Record extracts START
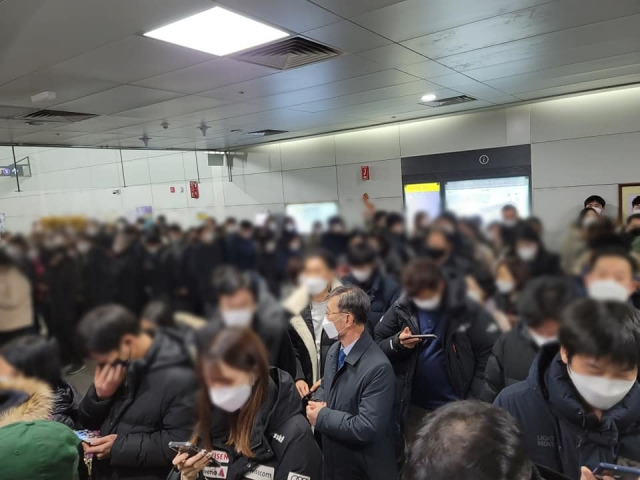 정하영 김포시장이 지난 2월 출·퇴근 시간대 김포골드라인 챌린지에 참여하고 있다. 정하영 김포시장 페이스북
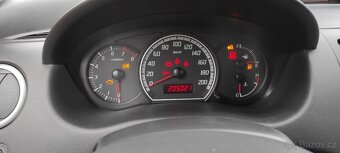 Suzuki Swift - 6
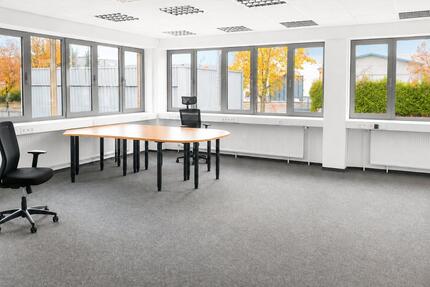Helle Büroräume im Industriegebiet zu vermieten - ca. 80 m² - Schwäbisch Gmünd Bargau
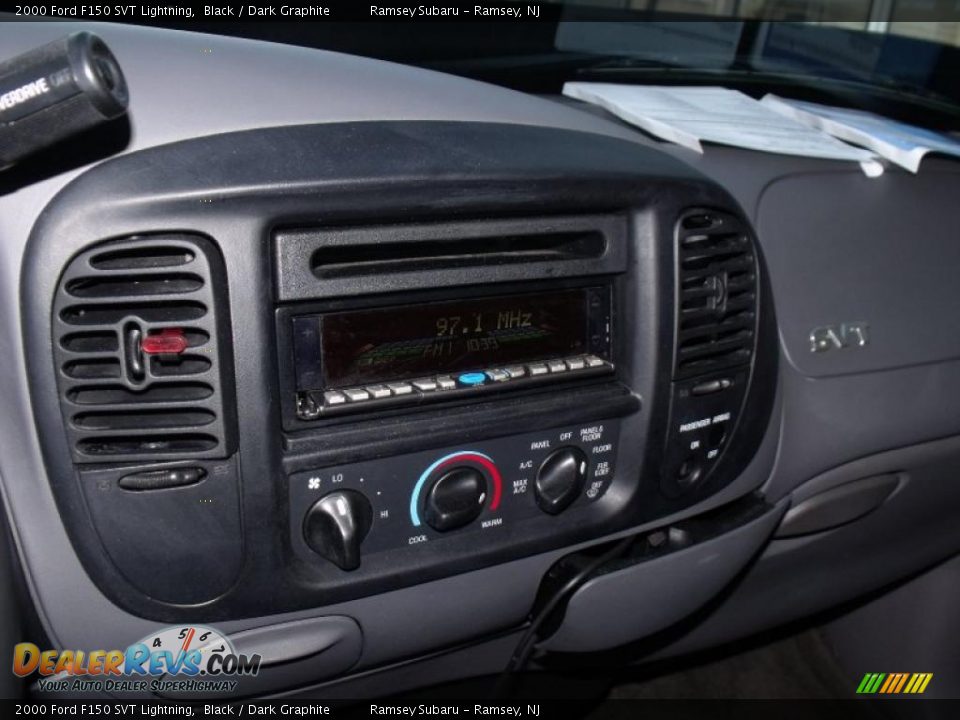 2000 Ford F150 SVT Lightning Black / Dark Graphite Photo #16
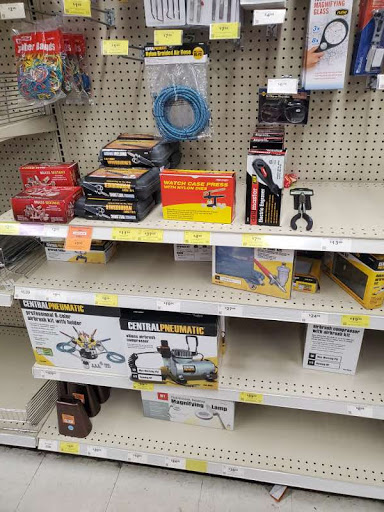 Hardware Store «Harbor Freight Tools», reviews and photos, 580 Inland Center Dr a, San Bernardino, CA 92408, USA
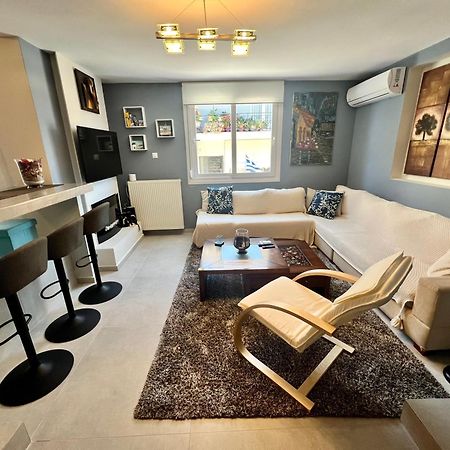 Modern Family Retreat Daire Golos Dış mekan fotoğraf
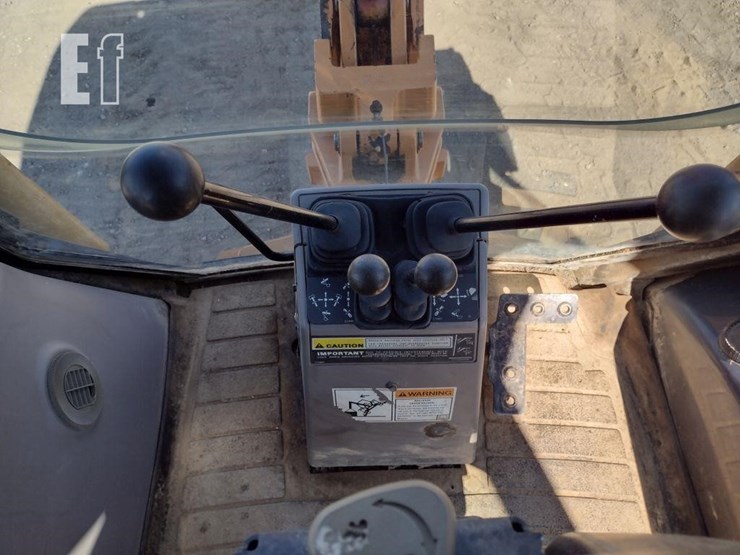 case-580m-turbo-image-11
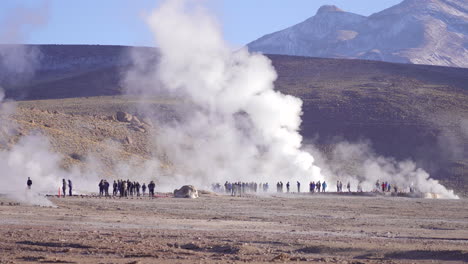 Touristen,-Die-In-Den-Fumarolen-Des-Geysirs-El-Tatio-In-Chile,-Atacama-Wüste,-Spazieren-Gehen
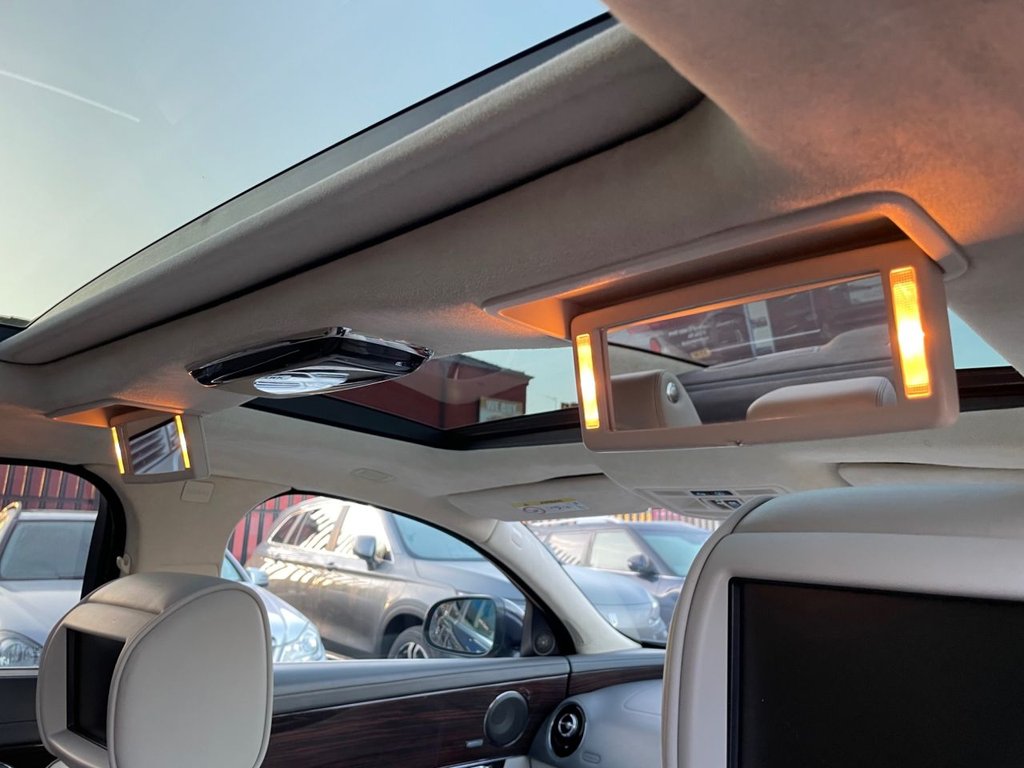 Used Jaguar XJ 2015 for sale - 77009650: Photo 38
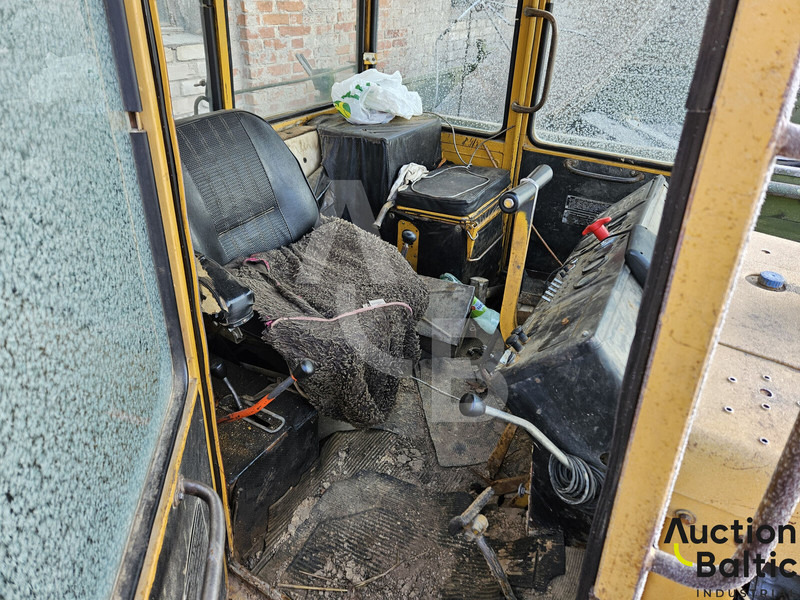 DT-75 - Bæltetraktor: billede 5 DT-75 - Bæltetraktor: billede 5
Record extracts END
Take every record and copy it word for word, dropping the pictures.

> _Final answer_:
 정하영 김포시장이 지난 2월 출·퇴근 시간대 김포골드라인 챌린지에 참여하고 있다. 정하영 김포시장 페이스북
 Suzuki Swift - 6
Helle Büroräume im Industriegebiet zu vermieten - ca. 80 m² - Schwäbisch Gmünd Bargau
 2000 Ford F150 SVT Lightning Black / Dark Graphite Photo #16
 Hardware Store «Harbor Freight Tools», reviews and photos, 580 Inland Center Dr a, San Bernardino, CA 92408, USA
 Modern Family Retreat Daire Golos Dış mekan fotoğraf
 case-580m-turbo-image-11
 Touristen,-Die-In-Den-Fumarolen-Des-Geysirs-El-Tatio-In-Chile,-Atacama-Wüste,-Spazieren-Gehen
 Used Jaguar XJ 2015 for sale - 77009650: Photo 38
 DT-75 - Bæltetraktor: billede 5 DT-75 - Bæltetraktor: billede 5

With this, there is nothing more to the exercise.